Seven Variations and a Conversation
Gallery hours: Wed.- Sat., 12-6pm; Sun., 11am-3pm
Opening Reception: May 10, 6-9pm
Gallery B is pleased to present its May exhibition, Seven Variations and a Conversation, featuring seven artists from the Foundry Gallery: Fran Abrams, Nancy Donnelly, Naomi Taitz Duffy, Judy Gilbert Levey, Donna K. McGee, Robert Wiener and Patricia Zannie.
All seven artists contributed to a group piece, the “Conversation,” which will be auctioned off during the exhibition. Proceeds from the auction will be donated to Edgemoor Children's Center in downtown Bethesda.
Fran Abrams is a Rockville artist who has been working in polymer clay as a fine art medium for 13 years. The colors and designs in the work come from the clay which is not painted. For this show, she takes her inspiration from nature.

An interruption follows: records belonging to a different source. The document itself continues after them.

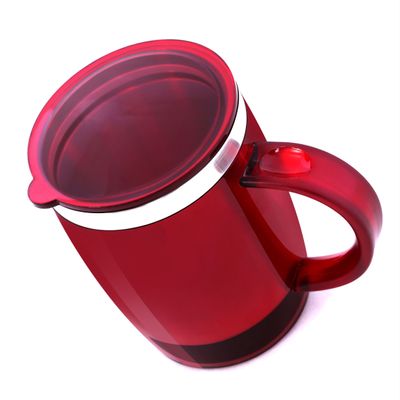 Royalford 14oz Stainless Steel Travel Mug - Coffee Mug with Handle & Lid Travel Friendly | Leakproof Lid Eco-Friendly Reusable Cup for Travel & To-Go Hot/Cold Drinkware (Red)
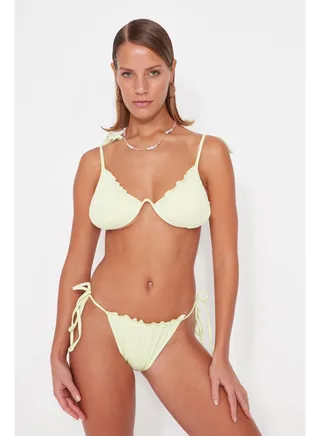 Green Ruffled Regular Leg Bikini Bottom TBESS23BA00178 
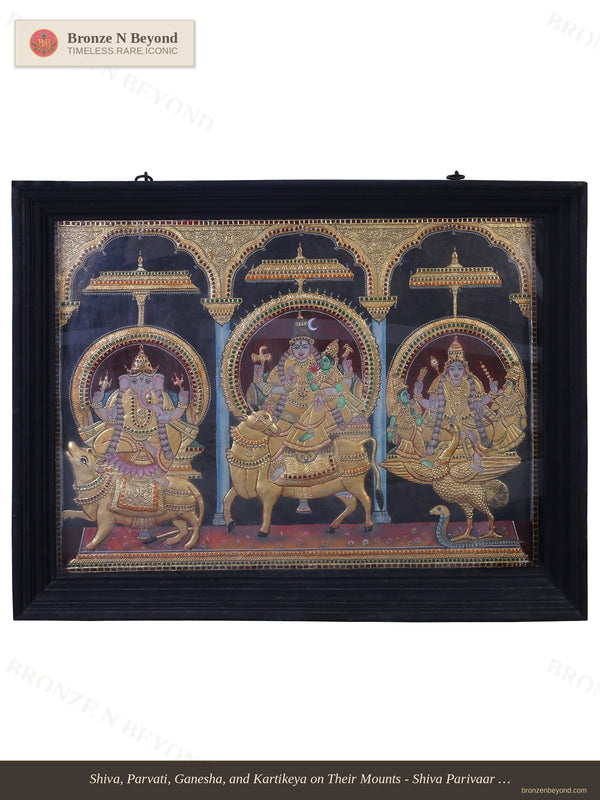 Shiva Family with Their Vahanas Tanjore Painting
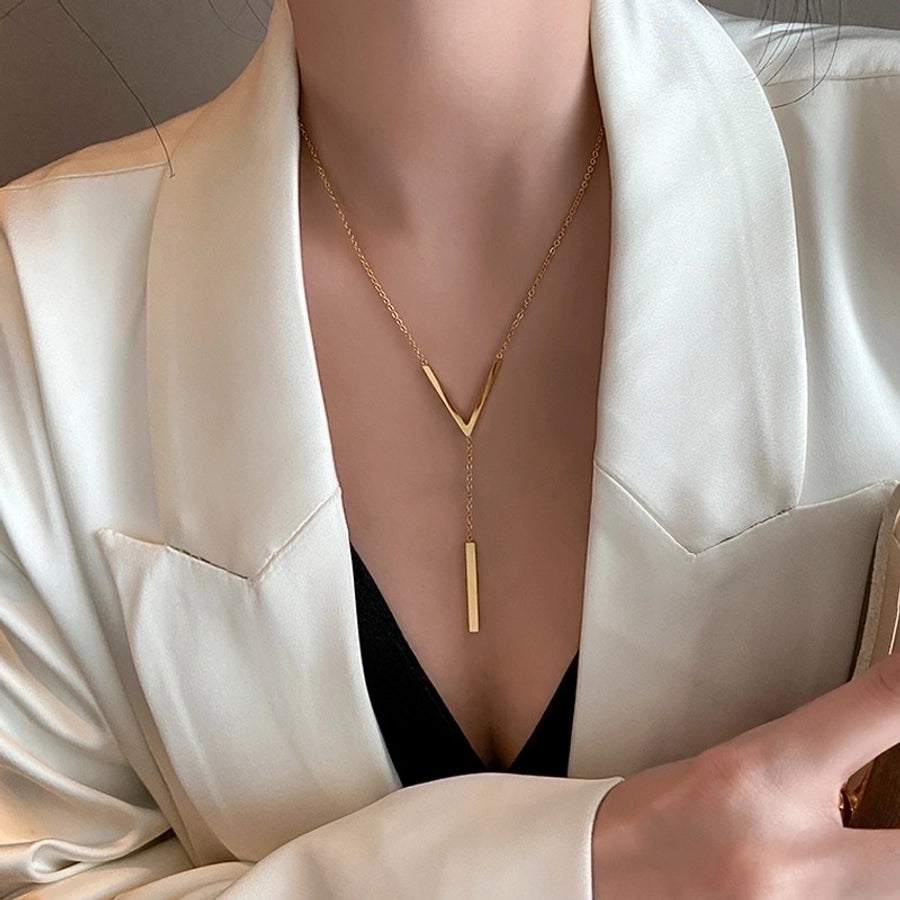 Simple Style Commute Letter Titanium Steel Plating 18K Gold Plated Necklace-Bijou Crush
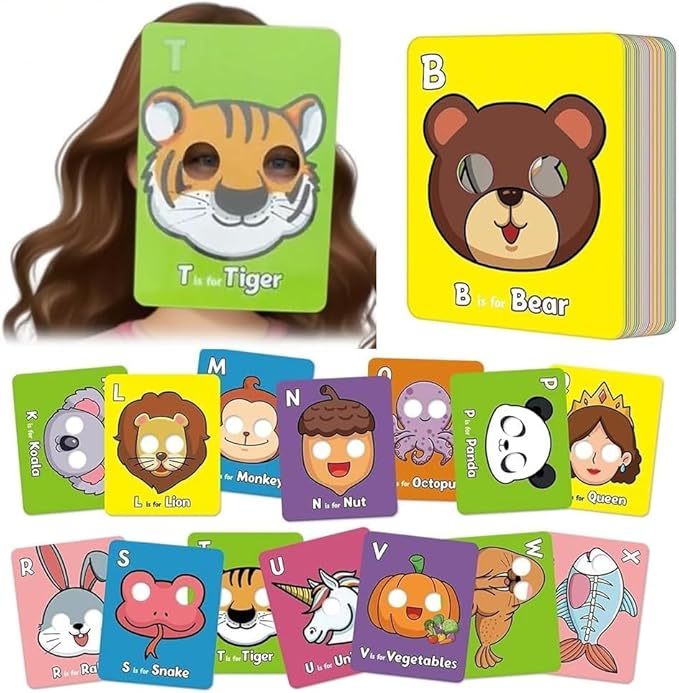 26 PCS Alphabet ABC Flash Cards,Giant ABC Animal Mask Flash Cards,26 Lowercase and Uppercase Letter Cards,Educational Learning Games-CubbioJoy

Nancy Donnelly's glass sculptures make use especially of transparency and color. She says, "Part of the point of this work was figuring out how to bring more pleasure to the experience of viewers. Focusing on delight turns out to be just about as hard as any other purpose of art."
Naomi Taitz Duffy is a Washington D.C. artist. She works in oil paints, creating a mix of representational and non-figurative pieces. Her work for this show is taken from a series inspired by the form and movements of fish.
Judy Gilbert Levey is a Bethesda oil painter who paints "en plein air" in the Washington, D.C. area as well as in Maine. Her work shows the seasonal variation of vibrant fall colors, hot and lush summers, and the stark contrast of a profusion of leaves in summer and bare branches in winter.
Donna K. McGee explores texture and paint and adds layers to see how colors and shapes change each other. She continues to add layers of paint and texture, sometimes scraping it off, until it becomes a total picture. She hopes that her paintings will evoke the viewers’ own memories and visions, so that they will apply their own title and be able to say, "I've been here before."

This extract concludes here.